What Does Your Home Page Really Say About You?
It is no secret that your home page is your most important page. This is the page that the majority of traffic will enter your site. It is, therefore, pretty important to build a solid landing page that will pull customers further into your site. This being the case, a website owner must seriously consider what their home page says about them. Does your home page represent your brand? Does it add to the customer journey?
At Kuka Studios we have been building websites for over a decade. We know what works and what doesn’t. This is the stuff we look at when ‘judging’ a landing page.
Is the branding consistent? Does your home page’s image represent your brand offering? For instance, if you work for a company that prides yourself on being green then carry this over to your website. We often see companies losing their brand image and message when they go online. Don’t spread yourself too thin, keep your branding consistent.
Similar to branding, does your design represent your company and sector? And by design I don’t just mean your logo. I am talking about the images used, and the layout of the page. Think about what you are offering and it will all become apparent. Artists, obviously use lots of art on your site and those in the B2B sector keep it plain and simple – think about what type of customer you serve and make sure your home page caters to their needs.
As well as consistency, your website must be visually striking. Potential customers must be drawn into other areas of your site, past your home page, in order to make a purchase. Effective imagery is surprisingly good at this – imagery is the reason why large businesses still pay large sums of money for colour magazine adverts. Make your landing page look good, the rest will follow.
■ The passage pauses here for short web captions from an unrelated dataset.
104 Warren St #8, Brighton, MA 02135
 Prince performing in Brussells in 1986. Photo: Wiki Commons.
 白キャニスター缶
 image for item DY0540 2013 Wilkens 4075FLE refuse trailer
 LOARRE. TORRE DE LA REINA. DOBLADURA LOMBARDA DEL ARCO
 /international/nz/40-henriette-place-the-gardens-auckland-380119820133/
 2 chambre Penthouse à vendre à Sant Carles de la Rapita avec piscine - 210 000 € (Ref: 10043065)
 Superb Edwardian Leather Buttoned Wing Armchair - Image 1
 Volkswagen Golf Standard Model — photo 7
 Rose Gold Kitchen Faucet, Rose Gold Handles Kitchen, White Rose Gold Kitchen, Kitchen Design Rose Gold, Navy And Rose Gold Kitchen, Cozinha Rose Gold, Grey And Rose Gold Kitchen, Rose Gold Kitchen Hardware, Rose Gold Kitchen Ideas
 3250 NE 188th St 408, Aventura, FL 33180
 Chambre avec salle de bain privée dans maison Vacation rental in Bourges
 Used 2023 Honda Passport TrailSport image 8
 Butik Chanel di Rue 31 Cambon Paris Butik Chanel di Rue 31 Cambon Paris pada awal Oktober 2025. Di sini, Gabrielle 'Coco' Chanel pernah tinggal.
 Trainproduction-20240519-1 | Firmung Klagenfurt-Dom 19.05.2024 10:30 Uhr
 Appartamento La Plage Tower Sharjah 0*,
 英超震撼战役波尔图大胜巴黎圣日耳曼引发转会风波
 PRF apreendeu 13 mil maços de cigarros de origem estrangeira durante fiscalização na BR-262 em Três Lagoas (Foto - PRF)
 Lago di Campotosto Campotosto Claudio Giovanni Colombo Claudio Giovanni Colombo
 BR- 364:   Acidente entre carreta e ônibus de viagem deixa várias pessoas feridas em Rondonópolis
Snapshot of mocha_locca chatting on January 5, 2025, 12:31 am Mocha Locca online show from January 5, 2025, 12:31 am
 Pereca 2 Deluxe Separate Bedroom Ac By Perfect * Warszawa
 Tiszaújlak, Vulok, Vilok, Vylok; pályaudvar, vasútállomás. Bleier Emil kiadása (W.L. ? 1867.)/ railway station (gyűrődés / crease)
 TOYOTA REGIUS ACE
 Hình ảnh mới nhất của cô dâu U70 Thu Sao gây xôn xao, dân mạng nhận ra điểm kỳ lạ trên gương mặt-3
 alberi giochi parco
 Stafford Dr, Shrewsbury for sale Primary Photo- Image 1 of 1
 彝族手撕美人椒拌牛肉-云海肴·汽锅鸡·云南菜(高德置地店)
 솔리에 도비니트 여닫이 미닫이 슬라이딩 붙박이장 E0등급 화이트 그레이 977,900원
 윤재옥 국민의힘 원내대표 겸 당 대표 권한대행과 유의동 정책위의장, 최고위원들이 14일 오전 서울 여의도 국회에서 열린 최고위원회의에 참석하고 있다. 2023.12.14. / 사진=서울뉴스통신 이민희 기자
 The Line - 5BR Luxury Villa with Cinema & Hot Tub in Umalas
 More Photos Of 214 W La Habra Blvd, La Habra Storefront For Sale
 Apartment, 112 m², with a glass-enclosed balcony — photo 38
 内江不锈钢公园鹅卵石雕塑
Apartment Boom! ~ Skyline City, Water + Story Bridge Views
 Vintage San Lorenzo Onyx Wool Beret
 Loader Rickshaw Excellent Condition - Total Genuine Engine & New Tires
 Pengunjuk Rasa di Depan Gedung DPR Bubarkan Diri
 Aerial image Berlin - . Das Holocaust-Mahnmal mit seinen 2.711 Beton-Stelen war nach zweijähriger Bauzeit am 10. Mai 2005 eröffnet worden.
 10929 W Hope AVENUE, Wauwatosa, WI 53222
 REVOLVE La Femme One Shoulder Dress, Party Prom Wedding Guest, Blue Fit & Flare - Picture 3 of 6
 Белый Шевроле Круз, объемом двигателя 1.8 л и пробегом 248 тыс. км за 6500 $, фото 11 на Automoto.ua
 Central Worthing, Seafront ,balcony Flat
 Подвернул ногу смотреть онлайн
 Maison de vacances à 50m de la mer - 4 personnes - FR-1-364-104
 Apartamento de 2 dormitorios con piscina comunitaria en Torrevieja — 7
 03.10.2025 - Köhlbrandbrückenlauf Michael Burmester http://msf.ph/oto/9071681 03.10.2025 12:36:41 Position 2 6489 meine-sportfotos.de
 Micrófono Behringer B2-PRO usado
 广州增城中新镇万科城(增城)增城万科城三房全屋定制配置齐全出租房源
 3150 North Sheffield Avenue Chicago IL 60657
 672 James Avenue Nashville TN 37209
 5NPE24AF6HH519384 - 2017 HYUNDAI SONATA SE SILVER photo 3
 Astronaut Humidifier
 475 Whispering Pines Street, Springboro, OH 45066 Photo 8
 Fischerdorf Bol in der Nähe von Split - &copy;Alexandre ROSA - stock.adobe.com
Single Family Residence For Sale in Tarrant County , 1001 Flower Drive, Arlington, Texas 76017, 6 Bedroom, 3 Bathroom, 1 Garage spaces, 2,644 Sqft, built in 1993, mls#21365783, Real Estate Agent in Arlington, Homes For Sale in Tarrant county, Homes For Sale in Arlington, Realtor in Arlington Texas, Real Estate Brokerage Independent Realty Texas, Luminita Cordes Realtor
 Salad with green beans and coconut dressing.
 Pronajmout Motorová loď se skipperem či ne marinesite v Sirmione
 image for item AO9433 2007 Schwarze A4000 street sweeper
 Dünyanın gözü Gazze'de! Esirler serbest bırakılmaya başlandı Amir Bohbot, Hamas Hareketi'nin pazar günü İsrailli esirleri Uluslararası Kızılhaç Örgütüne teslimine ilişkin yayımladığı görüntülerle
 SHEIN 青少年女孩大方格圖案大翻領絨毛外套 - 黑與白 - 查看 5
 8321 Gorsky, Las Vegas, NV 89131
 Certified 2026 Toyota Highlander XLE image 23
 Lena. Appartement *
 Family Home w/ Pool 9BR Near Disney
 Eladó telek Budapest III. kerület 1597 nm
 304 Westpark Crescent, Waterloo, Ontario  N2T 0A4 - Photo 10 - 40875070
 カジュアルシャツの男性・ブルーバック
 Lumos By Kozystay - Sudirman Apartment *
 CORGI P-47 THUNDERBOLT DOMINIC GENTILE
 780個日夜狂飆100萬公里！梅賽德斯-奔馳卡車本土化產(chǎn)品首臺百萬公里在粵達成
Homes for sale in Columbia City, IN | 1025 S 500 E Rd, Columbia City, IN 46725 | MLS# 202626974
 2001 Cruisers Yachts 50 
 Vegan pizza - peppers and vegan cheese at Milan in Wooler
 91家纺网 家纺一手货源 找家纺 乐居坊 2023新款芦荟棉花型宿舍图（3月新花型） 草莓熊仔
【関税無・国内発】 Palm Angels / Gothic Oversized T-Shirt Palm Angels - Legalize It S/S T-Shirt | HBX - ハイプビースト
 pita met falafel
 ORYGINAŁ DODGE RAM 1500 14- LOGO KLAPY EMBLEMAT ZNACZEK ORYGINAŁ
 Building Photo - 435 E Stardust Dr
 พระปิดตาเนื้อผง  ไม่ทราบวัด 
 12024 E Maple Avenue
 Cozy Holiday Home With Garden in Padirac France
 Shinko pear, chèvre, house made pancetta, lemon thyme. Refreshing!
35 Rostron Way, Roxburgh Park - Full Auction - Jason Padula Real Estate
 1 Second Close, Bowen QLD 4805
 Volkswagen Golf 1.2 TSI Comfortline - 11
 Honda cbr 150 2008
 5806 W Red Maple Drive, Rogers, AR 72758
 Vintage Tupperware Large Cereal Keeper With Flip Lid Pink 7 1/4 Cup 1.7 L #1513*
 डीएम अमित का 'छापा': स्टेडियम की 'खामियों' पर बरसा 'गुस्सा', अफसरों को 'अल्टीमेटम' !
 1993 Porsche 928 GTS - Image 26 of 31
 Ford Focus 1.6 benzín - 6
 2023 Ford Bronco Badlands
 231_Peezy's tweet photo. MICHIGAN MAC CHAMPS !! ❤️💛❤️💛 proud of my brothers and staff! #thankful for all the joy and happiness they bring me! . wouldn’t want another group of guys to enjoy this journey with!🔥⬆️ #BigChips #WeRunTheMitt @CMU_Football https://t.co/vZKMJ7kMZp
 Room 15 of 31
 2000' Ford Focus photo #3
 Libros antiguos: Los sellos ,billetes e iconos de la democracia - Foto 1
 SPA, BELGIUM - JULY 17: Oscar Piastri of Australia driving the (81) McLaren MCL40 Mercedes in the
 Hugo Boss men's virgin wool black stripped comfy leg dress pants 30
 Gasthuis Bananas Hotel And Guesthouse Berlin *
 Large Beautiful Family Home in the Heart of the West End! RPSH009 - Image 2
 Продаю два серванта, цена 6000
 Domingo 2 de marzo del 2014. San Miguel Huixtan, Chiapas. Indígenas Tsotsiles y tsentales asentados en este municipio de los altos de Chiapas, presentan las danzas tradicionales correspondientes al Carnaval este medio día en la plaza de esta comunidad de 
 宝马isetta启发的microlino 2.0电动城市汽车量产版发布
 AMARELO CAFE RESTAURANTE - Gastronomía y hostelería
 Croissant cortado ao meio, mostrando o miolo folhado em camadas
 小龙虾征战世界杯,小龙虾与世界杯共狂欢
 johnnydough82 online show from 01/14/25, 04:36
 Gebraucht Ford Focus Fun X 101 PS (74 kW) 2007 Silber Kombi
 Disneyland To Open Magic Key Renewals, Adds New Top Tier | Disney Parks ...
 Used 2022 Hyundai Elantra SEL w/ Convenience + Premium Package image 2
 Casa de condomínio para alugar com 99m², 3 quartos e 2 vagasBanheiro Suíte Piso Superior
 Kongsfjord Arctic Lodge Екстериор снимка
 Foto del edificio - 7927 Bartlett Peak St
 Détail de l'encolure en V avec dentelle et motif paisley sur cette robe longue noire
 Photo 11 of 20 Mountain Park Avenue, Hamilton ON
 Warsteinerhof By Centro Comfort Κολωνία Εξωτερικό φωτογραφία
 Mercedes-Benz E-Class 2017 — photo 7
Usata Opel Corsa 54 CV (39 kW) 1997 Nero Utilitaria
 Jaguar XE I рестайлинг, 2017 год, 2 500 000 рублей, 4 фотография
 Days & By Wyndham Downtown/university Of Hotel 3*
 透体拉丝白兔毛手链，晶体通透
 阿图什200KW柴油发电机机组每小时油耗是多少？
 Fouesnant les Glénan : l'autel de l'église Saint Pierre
User experience or UX is vital in generating money from your site. UX is one of the first things we look at when carrying out a conversion optimisation (the practice of building on a website with the aim of turning more visitors into paying customers). If you have a poor UX, visitors will simply leave and find a friendly site that will be more than happy to convert them. Judging your site’s UX can be difficult and requires a lot of empathy towards the customer, ask a friend or a web design agency to have a look at your home page and give their opinion on its ease of use.
The two major no go’s for UX are 404 errors and a non-mobile friendly interface. If you have 404 errors (missing pages) linking from your home page, customers will leave and Google won’t be happy, hurting your search engine visibility. If your site is not mobile friendly you risk losing all mobile traffic (around half of all web traffic) and you will once again annoy Google!
Build it and they will come … but they will swiftly leave if your content is not compelling enough. Use call to actions like “special offer” or “buy now” to get customers excited about your offering. But be careful to not sound spammy.
Just as your content must be compelling, it must also be relevant. A potential customer has found your site to look for some information. Make sure your home page has the information your visitors want to find. This tells your customer right away that your are the right company to go to.
For the Record
Even if the above is great you can still trip yourself up.
1. Avoid splash pages at all cost. They used to be cool but they are now just an additional step in the customer’s journey where time is of the essence.
2. No stock photos. They have been used beyond salvation, you are much better off paying a designer a bit of extra money for some original designs.
3. Make your word count work. Do not overload your visitors with information – you would not walk up to someone for the first time, shake their hand then proceed to tell them everything you possibly could about yourself would you? We would recommend 300-400 words introducing your company. This word count does not overload visitors with information and keeps the Google monster in check.
Don’t get caught up in the details and overlook your home page! Remember, first impressions really do last.